GOATex: Geometry & Occlusion-Aware Texturing¶

Conference: NeurIPS 2025 arXiv: 2511.23051 Code: Project page available; code to be confirmed Area: 3D Vision Keywords: 3D texture generation, occlusion awareness, diffusion models, UV texture blending, multi-layer texturing

TL;DR¶

GOATex proposes the first occlusion-aware 3D mesh texturing framework. It decomposes meshes into visibility layers ordered from outermost to innermost via a ray-casting-based hit-level mechanism, applies a two-stage visibility control strategy combining normal flipping and residual face clustering, and performs visibility-weighted blending in UV space—achieving high-quality texture generation for both exterior surfaces and occluded interior surfaces.

Background & Motivation¶

Background: Existing 3D mesh texturing methods (e.g., TEXTure, SyncMVD, Paint3D, TEXGen) predominantly rely on text-to-image diffusion models, generating textures by rendering multi-view images and back-projecting them into UV space. These methods perform well on externally visible surfaces.

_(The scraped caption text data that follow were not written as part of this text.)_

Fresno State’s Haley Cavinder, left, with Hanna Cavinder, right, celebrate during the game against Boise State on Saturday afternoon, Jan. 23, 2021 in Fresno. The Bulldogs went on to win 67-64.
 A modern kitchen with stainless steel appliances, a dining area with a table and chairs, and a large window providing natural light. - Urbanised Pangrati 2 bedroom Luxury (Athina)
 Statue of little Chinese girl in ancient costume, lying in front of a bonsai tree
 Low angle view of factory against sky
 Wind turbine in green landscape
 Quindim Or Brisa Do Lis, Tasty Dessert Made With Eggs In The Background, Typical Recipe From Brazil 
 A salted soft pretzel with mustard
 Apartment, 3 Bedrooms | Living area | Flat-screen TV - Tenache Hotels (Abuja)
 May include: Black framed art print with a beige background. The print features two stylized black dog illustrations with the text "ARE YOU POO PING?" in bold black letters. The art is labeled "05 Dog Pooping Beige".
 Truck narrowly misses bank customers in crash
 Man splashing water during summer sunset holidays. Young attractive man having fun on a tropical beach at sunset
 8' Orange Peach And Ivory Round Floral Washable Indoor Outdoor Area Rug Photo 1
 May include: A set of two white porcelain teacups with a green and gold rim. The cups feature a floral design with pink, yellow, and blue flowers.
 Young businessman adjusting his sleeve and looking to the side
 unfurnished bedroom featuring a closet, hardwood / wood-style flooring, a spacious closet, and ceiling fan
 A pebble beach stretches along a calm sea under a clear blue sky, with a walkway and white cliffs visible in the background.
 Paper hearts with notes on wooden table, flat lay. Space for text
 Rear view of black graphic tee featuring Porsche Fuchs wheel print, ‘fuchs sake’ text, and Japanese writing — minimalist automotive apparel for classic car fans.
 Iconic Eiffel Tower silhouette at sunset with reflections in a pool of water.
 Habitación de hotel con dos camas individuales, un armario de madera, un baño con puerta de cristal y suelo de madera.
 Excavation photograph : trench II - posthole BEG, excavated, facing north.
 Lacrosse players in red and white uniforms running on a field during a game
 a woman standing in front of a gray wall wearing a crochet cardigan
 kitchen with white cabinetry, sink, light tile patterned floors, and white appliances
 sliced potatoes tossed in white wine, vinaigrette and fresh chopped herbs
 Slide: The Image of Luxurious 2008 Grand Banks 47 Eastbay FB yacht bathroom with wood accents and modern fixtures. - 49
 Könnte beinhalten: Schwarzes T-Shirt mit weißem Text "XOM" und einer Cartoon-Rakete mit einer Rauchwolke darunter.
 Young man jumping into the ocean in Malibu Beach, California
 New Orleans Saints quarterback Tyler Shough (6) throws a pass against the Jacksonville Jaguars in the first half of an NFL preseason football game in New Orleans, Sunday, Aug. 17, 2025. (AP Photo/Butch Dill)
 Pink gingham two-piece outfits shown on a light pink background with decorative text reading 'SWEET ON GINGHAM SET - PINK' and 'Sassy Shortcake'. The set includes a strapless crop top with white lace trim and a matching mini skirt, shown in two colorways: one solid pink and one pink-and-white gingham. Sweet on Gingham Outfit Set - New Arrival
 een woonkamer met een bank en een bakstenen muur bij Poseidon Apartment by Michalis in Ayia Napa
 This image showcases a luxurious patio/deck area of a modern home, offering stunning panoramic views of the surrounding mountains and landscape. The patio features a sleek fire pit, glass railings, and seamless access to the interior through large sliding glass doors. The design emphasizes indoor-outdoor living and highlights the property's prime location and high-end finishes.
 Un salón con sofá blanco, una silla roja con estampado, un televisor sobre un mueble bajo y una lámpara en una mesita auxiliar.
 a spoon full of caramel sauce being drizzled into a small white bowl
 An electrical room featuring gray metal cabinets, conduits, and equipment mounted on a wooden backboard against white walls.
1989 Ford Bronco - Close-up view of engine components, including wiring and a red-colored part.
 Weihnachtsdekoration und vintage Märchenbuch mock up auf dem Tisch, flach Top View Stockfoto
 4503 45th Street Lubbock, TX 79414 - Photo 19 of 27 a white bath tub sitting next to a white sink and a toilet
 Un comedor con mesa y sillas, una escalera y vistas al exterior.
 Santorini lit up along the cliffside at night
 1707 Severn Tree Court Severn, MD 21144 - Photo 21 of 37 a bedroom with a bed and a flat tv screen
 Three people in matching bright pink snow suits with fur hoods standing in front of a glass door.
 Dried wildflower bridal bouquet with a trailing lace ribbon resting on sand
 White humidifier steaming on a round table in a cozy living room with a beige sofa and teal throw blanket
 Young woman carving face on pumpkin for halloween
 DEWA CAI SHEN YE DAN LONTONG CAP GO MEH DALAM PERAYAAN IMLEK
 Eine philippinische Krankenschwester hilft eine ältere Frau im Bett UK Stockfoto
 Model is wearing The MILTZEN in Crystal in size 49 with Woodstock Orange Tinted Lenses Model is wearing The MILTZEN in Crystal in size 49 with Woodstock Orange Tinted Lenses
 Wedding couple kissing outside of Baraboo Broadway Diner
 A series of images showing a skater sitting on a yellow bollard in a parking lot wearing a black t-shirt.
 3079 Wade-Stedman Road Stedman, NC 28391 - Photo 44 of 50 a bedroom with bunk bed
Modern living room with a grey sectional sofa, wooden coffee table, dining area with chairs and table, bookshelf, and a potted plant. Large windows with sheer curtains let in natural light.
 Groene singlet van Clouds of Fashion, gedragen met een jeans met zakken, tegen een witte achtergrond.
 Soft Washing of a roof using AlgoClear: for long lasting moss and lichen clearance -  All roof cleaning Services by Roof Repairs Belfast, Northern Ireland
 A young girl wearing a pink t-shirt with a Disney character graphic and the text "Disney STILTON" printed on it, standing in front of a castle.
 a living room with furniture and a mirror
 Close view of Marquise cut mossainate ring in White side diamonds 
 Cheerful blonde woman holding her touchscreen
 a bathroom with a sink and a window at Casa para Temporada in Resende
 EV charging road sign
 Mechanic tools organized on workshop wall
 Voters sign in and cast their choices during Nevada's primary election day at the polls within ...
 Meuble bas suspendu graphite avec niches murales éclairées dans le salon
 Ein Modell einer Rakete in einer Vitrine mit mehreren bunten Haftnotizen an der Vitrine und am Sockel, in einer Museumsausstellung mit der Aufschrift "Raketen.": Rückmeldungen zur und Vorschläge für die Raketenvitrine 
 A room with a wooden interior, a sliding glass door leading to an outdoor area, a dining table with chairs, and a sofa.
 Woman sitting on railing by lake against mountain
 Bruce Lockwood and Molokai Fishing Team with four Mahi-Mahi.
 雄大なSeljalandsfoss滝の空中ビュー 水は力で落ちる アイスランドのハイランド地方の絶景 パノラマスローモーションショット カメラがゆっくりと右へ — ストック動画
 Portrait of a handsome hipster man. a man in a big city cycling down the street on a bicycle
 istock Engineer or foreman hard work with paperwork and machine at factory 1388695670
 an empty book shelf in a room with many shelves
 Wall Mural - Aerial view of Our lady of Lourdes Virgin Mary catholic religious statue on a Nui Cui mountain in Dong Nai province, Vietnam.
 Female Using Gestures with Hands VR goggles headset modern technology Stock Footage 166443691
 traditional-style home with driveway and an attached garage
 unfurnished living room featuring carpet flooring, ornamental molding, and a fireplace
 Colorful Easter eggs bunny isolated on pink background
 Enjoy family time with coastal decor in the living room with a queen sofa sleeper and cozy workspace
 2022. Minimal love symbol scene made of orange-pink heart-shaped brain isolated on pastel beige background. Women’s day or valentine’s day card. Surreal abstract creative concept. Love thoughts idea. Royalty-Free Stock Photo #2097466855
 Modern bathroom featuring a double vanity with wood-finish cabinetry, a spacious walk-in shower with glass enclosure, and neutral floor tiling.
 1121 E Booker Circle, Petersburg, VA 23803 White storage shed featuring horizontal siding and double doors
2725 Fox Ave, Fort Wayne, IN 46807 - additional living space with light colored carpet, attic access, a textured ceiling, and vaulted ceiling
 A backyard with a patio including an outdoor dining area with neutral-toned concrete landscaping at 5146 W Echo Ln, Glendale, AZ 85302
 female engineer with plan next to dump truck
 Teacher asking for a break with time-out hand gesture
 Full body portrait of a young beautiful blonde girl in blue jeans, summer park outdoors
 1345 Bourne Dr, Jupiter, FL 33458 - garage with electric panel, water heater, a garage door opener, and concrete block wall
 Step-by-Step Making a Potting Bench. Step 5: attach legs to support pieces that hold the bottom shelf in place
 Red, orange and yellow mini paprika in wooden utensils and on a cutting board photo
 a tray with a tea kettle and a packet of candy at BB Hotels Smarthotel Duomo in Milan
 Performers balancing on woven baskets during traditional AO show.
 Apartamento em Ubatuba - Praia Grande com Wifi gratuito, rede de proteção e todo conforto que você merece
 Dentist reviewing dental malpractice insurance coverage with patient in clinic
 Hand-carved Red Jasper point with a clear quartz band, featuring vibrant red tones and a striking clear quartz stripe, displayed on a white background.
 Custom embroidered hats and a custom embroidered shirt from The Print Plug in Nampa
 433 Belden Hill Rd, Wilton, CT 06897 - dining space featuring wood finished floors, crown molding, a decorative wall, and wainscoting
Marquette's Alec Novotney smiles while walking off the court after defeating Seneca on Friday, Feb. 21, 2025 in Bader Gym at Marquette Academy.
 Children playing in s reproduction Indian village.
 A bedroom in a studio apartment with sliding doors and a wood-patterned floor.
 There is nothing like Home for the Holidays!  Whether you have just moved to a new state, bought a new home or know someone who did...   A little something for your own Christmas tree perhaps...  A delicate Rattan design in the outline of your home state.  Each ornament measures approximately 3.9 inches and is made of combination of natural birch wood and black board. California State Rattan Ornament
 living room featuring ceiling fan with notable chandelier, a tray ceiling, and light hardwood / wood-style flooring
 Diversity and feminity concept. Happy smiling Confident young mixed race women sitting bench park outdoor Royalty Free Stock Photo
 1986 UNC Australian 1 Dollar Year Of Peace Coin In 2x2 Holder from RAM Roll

Limitations of Prior Work: Existing methods are fundamentally limited to surfaces visible from external viewpoints. For occluded interior surfaces—such as building interiors, car dashboards, or tent inner walls—they either leave these regions untextured or apply heuristic approaches such as Voronoi filling, resulting in low-quality interior textures with visible seams and color inconsistencies.

Key Challenge: The multi-view render-and-back-project paradigm inherently lacks access to occluded geometry, while UV-space inpainting approaches lack geometric context, making it difficult to generate semantically coherent interior textures.

Goal: (1) How to systematically identify and expose occluded interior surfaces? (2) How to preserve overall structural consistency when exposing interior geometry? (3) How to seamlessly blend textures generated independently across multiple layers?

Key Insight: The mesh is treated as an onion-like layered structure. Ray casting is used to compute a "hit level" for each face, and texturing proceeds by exposing and processing layers from the outside in.

Core Idea: A ray-based occlusion-aware layering mechanism, combined with two-stage visibility control and weighted UV blending, enables unified high-quality texture generation for both interior and exterior surfaces.

Method¶

Overall Architecture¶

The input consists of an untextured 3D mesh and a text prompt. The pipeline proceeds in five stages: (1) Superface construction—aggregating fine-grained triangular faces into coherent regions; (2) Hit level assignment—assigning a visibility depth level to each superface via multi-view ray casting; (3) Visibility control—a two-stage strategy that progressively exposes interior geometry layer by layer; (4) Texture synthesis—generating textures for each layer using a depth-conditioned diffusion model; (5) UV blending—soft blending weighted by visibility confidence. The output is a complete UV texture map.

Key Designs¶

Superface Construction and Hit Level Assignment:
- Function: Aggregates large numbers of small triangular faces into low-curvature coherent superfaces, then assigns each superface a hit level representing its visibility depth.
- Mechanism: Xatlas is used to over-segment the mesh into superfaces. Rays are cast from multiple viewpoints, and the intersection order \(k\) for each ray–face pair is recorded. The influence weight of each ray is modulated by the cosine similarity between the ray direction and the face normal: \(W(f,k) = \sum_{r \in R_k(f)} \max(-n(f) \cdot d(r), 0)\). The final hit level of a superface is determined by the intersection order with the highest cumulative weight: \(H(SF_i) = \arg\max_k \sum_{f \in SF_i} W(f,k)\).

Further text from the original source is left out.